Harley Hits the Big Time

A look back at Joker’s number one girl following her silver screen debut

Movies Features Harley Quinn
Harley Hits the Big Time

Harley:“I know what you’re thinking: ‘What a shame! A pure, innocent little thing like her, led astray by bad companions!’”
Batman: “Right. Tell me another.”
Batman: The Animated Series, “The Joker’s Favor”

The last couple decades have brought us plenty of different incarnations of Batman, but if you were the right age to be watching afterschool cartoons circa 1991, you know which one is best. Batman: The Animated Series educated the non-comic-buying kids of my generation in the lore of Batman. The fact I only follow superheroes in non-comic media was why, years later, I was surprised to find that one of the most noteworthy characters of the show actually originated there rather than in the comics: Harley Quinn, the Joker’s ditzy-demented, Brooklyn-accented, loudmouth henchwoman (and much put-upon girlfriend… maybe?).

Now that Harley has hit the silver screen in Suicide Squad (as portrayed by Australian actress and Vanity Fair fixation Margot Robbie), here’s a look at the character’s roots, her many different permutations and breakout appearances over the past 24 years, and my attempt to answer the ongoing question: Who is this clown princess who launched a thousand (deeply uncomfortable) Facebook memes?

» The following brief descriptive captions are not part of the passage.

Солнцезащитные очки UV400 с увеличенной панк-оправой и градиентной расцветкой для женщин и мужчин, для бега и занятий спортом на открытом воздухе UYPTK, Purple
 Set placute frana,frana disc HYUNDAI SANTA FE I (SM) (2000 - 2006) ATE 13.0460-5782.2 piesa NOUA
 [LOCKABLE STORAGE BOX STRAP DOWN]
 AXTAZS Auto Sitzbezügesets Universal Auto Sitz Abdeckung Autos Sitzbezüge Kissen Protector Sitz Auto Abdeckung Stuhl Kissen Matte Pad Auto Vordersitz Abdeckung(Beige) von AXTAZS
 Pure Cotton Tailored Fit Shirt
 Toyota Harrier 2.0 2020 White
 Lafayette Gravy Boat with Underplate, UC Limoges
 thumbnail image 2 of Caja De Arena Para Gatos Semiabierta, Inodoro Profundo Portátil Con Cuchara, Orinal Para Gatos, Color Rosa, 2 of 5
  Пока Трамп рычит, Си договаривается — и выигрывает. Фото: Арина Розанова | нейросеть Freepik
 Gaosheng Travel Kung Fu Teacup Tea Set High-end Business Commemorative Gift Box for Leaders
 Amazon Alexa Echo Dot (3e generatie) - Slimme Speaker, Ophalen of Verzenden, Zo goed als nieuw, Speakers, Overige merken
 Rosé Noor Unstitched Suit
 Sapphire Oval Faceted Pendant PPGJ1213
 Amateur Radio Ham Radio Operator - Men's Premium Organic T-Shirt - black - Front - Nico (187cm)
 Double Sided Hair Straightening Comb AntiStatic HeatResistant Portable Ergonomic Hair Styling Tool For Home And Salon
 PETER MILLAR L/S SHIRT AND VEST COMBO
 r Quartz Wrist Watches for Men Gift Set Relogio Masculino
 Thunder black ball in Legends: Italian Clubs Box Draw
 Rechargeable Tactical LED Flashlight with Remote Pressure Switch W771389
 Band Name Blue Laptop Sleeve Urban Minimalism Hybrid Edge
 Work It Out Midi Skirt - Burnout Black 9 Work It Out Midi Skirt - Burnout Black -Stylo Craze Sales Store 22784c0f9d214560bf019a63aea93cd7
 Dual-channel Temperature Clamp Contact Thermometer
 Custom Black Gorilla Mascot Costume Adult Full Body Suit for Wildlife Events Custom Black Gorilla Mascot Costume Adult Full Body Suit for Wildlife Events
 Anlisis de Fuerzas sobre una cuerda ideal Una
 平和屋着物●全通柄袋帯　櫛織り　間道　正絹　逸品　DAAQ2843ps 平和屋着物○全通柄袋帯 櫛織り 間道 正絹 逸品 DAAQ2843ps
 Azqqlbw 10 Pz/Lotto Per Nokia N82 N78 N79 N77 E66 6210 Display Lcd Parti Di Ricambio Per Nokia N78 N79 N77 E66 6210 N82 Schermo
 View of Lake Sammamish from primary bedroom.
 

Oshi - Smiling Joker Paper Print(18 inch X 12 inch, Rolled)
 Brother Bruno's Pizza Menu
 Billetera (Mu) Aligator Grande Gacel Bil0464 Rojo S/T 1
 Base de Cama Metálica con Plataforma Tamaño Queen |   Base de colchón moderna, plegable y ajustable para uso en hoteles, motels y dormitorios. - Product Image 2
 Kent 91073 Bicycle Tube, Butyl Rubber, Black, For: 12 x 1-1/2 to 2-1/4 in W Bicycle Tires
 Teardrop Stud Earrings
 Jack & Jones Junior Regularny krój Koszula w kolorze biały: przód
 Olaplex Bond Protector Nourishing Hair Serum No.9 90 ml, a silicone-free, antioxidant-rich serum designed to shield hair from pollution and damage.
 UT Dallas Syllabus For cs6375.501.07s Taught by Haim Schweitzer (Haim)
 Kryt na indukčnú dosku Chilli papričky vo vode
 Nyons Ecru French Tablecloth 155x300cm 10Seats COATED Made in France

Harley’s Roots: The Animated Series

Harleen Quinzel: “Well, I’ve always had an attraction for extreme personalities. You’ve got to admit there’s an element of glamour to these super criminals.”
—Batman: The Animated Series, “Mad Love”

Like any superhero comic character, Harley Quinn has been through reboots, re-imaginings, and whatever you call it when The Flash runs so fast that you need to buy new comics. None of them are as difficult to track down as the aforementioned cartoon series on DVD. Harley originated as an interesting minion of the Joker in the surprisingly dark episode “The Joker’s Favor,” which aired in September of 1992. Dressed in her stark red-and-black jester getup, her face covered in white clown makeup, the Joker refers to her as “Harley,” but only sharp-eyed credits viewers would have noticed that her full name is a play on “harlequin,” the traditional mute jester character.

Harley is anything but mute: She almost certainly has more lines than Batman in that same episode, and the script gives voice actor Arleen Sorkin several strong character beats. The plot follows an everyday mope named Charlie who crosses the Joker in an unfortunate moment of road rage, earning himself the dubious honor of becoming the Joker’s “hobby” and owing him some unspecified future favor. In an absurd twist, Charlie finds out that his favor is to hold the door for Harley, who is disguised as a cop, as she wheels a cake into a banquet in Commissioner Gordon’s honor. Of course the Joker is waiting inside the cake, and of course he’s paralyzed the guests with gas and rigged Gordon up with a bomb. As for Charlie, he finds himself glued to the door as the Joker walks off, cackling.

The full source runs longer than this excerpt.